API routing

DeepSeek V4 Flash API routing playbook

Route by job type, not by brand preference. V4 Flash handles default OpenClaw and API traffic; V4 Pro and other providers enter only when a clear trigger is met.

Routing table

Default model, escalation, and metric

This page adds a crawlable operational table that turns the Flash-first story into a concrete policy.

Task	Default	Escalation	Metric
OpenClaw routine agent turns	DeepSeek V4 Flash	V4 Pro after repeated failed checks	Task completion cost, latency, retry rate
Search and retrieval answers	DeepSeek V4 Flash	Claude/GPT sample audit for regulated pages	Citation quality, hallucination rate, cache hit ratio
Code explanation and batch fixes	DeepSeek V4 Flash	V4 Pro for complex debugging plans	Accepted patch rate, follow-up turns, token cost
Long-form strategy or policy review	V4 Pro or Claude/GPT audit	Human review	Review accuracy, missed risks, edit distance

OpenClaw

Adapter-aware routing rules

OpenClaw needs dedicated model-routing language because agent traffic repeats context, tools, and planning scaffolds.

Default model route

Map routine OpenClaw chat, planning, and tool narration to deepseek-v4-flash.

This keeps high-frequency agent turns on the lowest DeepSeek V4 route while preserving the same model-family positioning.

Escalation policy

Escalate to deepseek-v4-pro only for long reasoning, failed self-checks, or high-risk review.
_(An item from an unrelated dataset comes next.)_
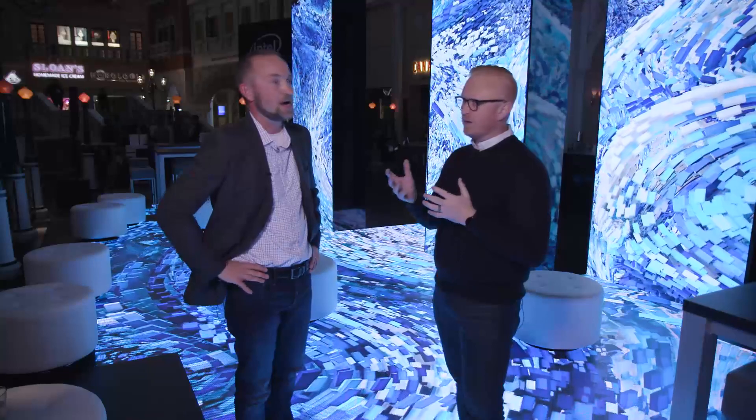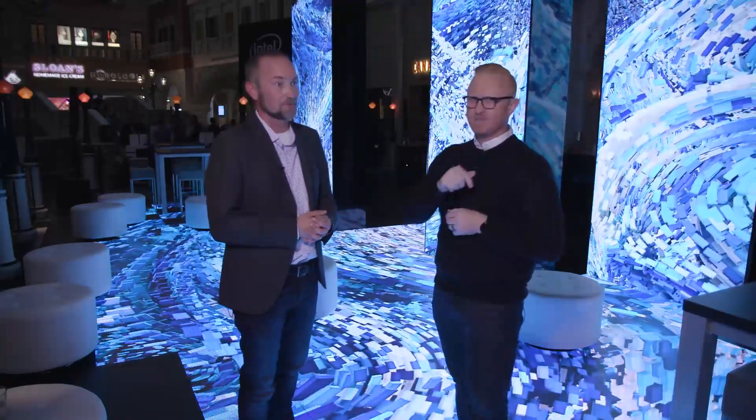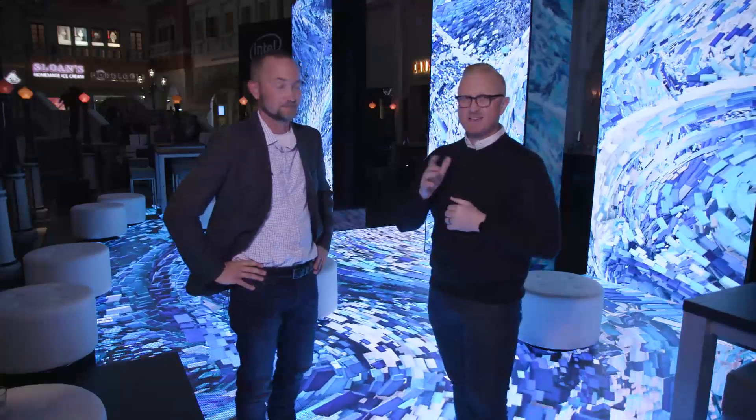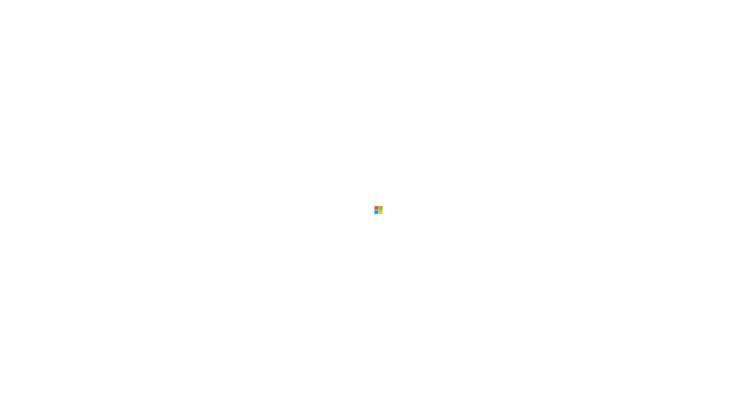If people want to learn more, where do they go? Intel Newsroom. Thanks guys and stay tuned for more.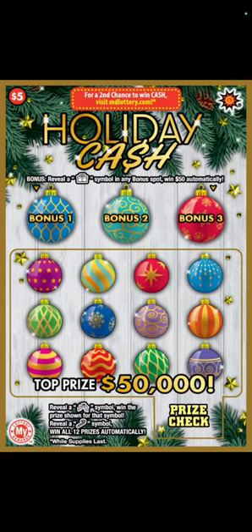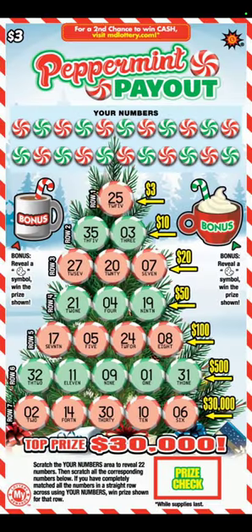All right, guys, this new ticket month for Maryland, and we have the holiday ticket offering this month. So we'll start out with the $5 ticket. This one looks like we're just looking for a symbol, the mistletoe or the candy cane. So we'll move on to the next.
Pro should improve difficult tasks without turning every OpenClaw request into a premium request.

Prompt cache design

Keep OpenClaw system prompts, tool schemas, and retrieval wrappers stable across runs.

Stable prompt scaffolding is the direct path to cache-hit economics on repeated agent workflows.

Comparison fallback

Keep GPT, Claude, Gemini, and Grok as explicit audit or customer-required routes.

The comparison layer should support routing decisions without weakening the Flash-first message.